The difficulty in comparing valuation levels across groups of stocks is that you need to compare like with like for it to be meaningful. It’s not clear what current stocks are equivalent to the Nifty Fifty and suitable for such a comparison. As a rough approximation, I’ve taken the top 30 highest market capitalisation stocks from my watchlist. They are all high quality large caps, though they look a little more growth-oriented than the original Nifty Fifty. Here they are:

PE ratio PE ratio
Apple            17 Hermes            51
Amazon          257 Kering            31
Alphabet            34 Stryker            29
Microsoft            27 Estee Lauder            33
Facebook            28 Activision Blizzard            55
Visa            38 Intuitive Surgical            48
Mastercard            38 Intuit            43
Nvidia            43 Relx            20
Netflix          210 Constellation Brands            23
Adobe Systems            62 Amadeus IT            26
Booking.com            27 Moody’s            42
Accenture            24 Monster Beverage            32
Paypal            43 Brown-Forman            37
Salesforce          140 Align Technology            85
Diageo            28 London Stock Exchange            26

A superficial look suggests that these valuations are broadly comparable to those of the Nifty Fifty in 1972. The average PE multiple is somewhat higher, but this is skewed by the fast-growing shares of Amazon, Netflix and Salesforce. The Nifty Fifty didn’t include businesses growing quite as fast as these. When you exclude them, the average PE multiple is more or less the same. Consequently, I’d say it is likely that valuations of high quality large caps are about ‘fair’ on average relative to cyclicals at the moment, though within that some shares may be very undervalued and some very overvalued.

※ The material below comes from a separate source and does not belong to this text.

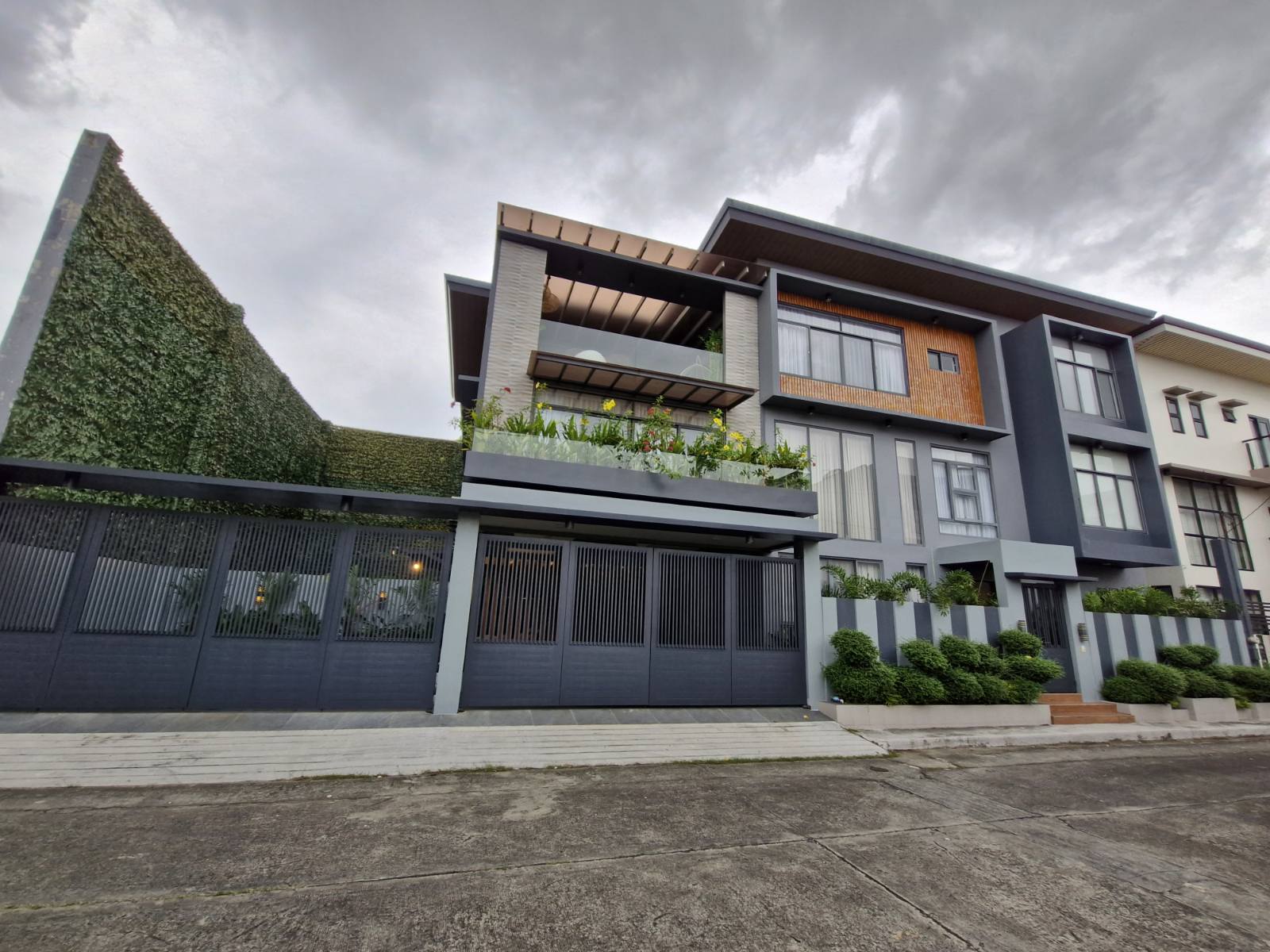 Outstanding9-BedroomHouseandLotforSaleinGreenwoodsExecutiveVillage,PasigCity-1.jpg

A shorter term perspective

We are probably reaching the point at which high valuations imply the long term returns from high quality shares become equivalent to the lower quality cyclicals in the wider market. I don’t think this causes much bother to a buy and hold investor in quality stocks. However, unless you are a true buy and hold investor, you can’t just look at long term valuations. Even if valuations for high quality stocks are still reasonable, previous experience tells us that the market is biased to undervalue quality most of the time and is prone to occasional bouts of irrational short-sighted panic during which the valuation spread collapses. Neil Woodford notes that the spread of valuations is at its highest ever levels and that typically in the past this has preceded a market crash. I’d be inclined to agree with him that the medium term prognosis (5-10 years) for high quality large cap shares is not that great.

While I think this implies a degree of caution is appropriate, valuation in itself is a pretty poor predictor of when a crash will occur. Typically we’d either need overvaluation to reach more extreme levels, like in the dot-com bubble, or for there to be some external catalyst, e.g. from excessive inflation or interest rate rises (as was the case in the late 70s, precipitated by the oil shocks). Excessive caution in advance of a market crash is often more costly than the crash itself.

None of this is cause for me to give up my focus on quality and momentum, but I think it does make sense to pay greater attention to valuations and tilt more to the cheaper shares on my watchlist. Automatically buying small market dips looks like becoming a more and more dangerous strategy.